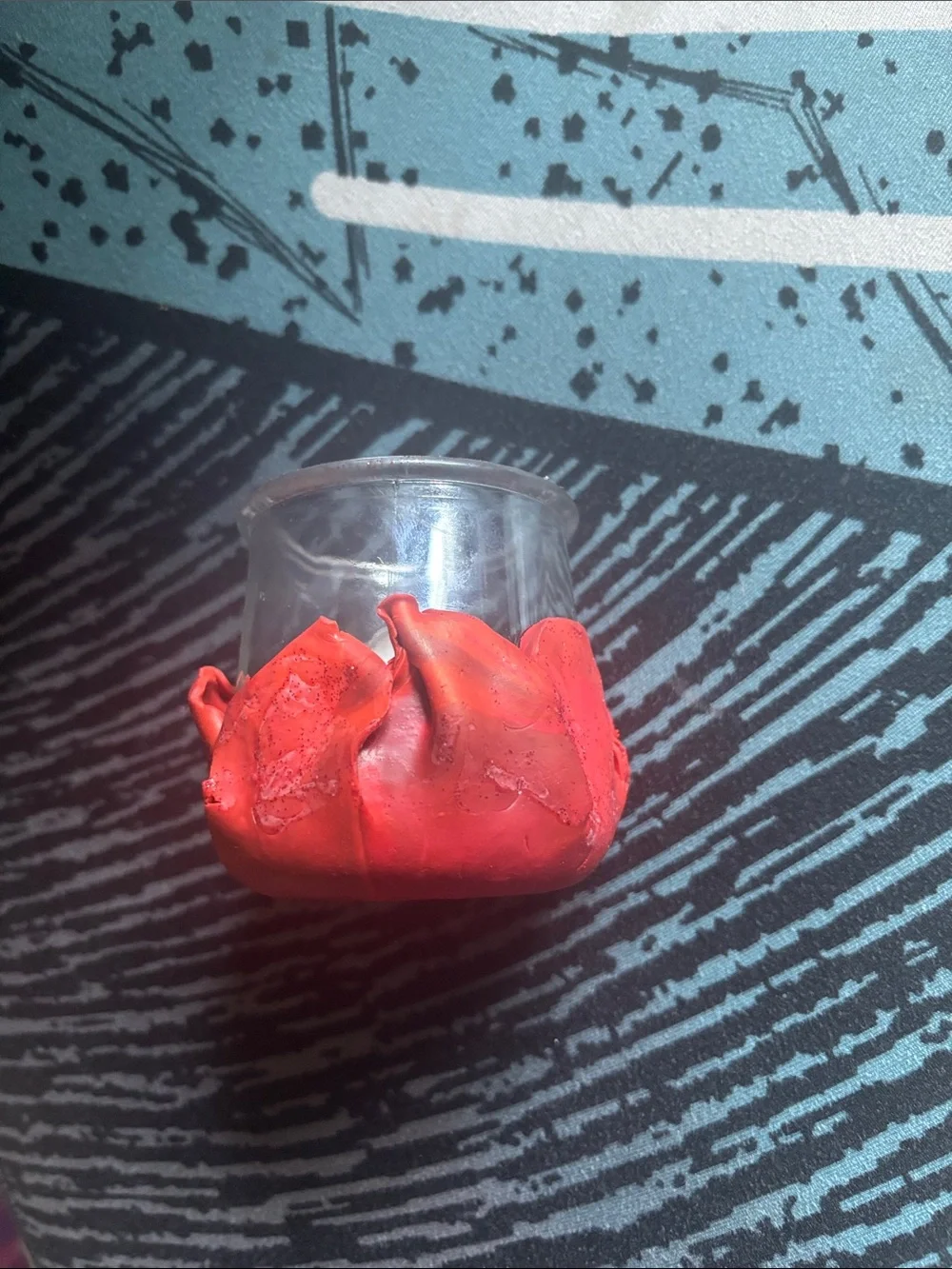 Handcrafted Clay Decorated Glass Holder with rose petal accents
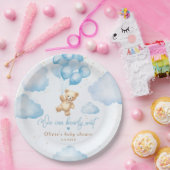 バルーン付き青いテディベア赤ちゃんシャワー ペーパープレート (パーティー)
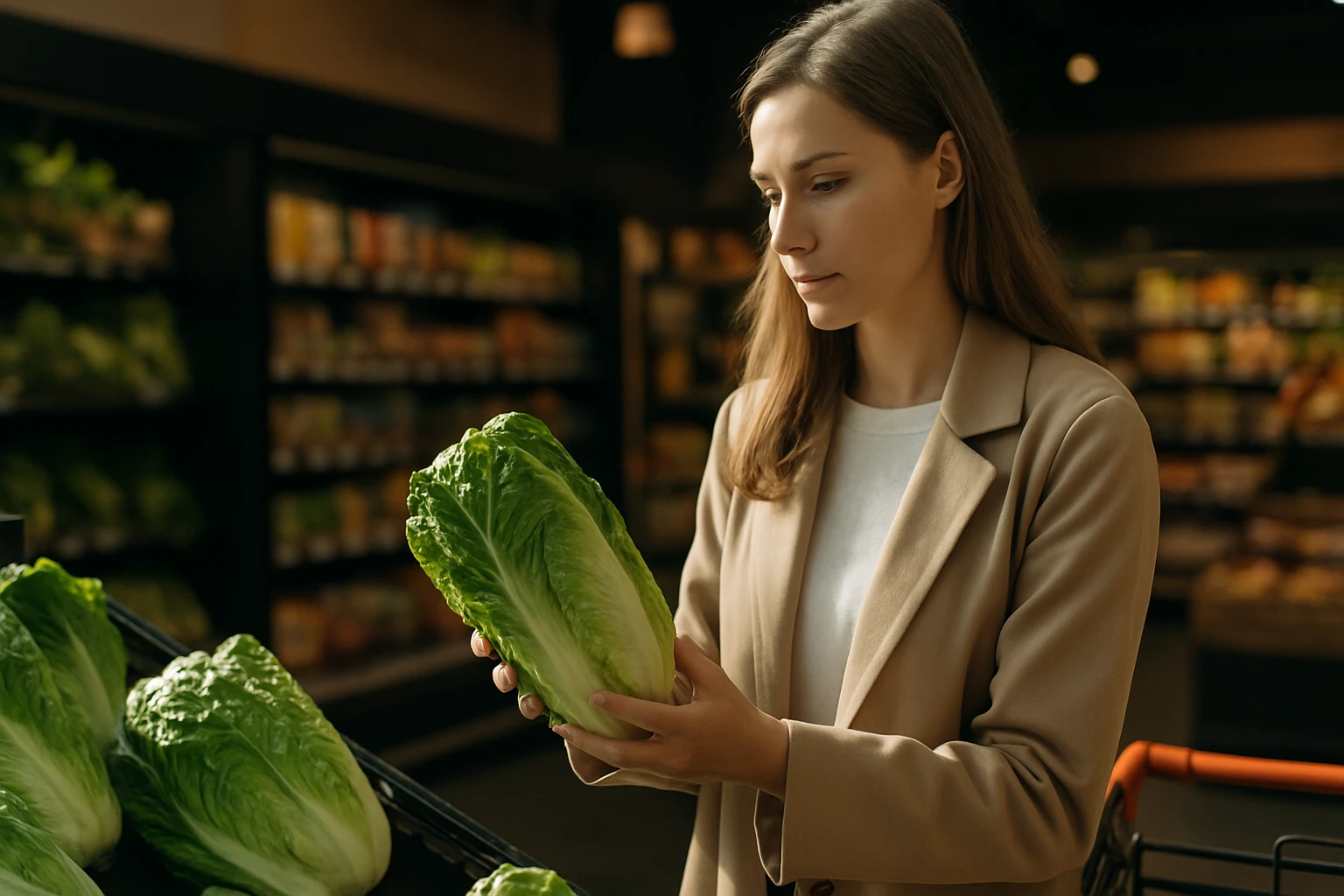 Egy nő friss római salátát vizsgál a boltban, figyelmesen nézi.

—————

*What is required*: Take the line containing "バルーン付き青いテディベア赤ちゃんシャワー ペーパープレート (パーティー)" and all lines after it to the end of the data above, and reproduce them exactly, leaving out pictures. Nothing else belongs in the copy.

*Written response*:
 バルーン付き青いテディベア赤ちゃんシャワー ペーパープレート (パーティー)
 Egy nő friss római salátát vizsgál a boltban, figyelmesen nézi.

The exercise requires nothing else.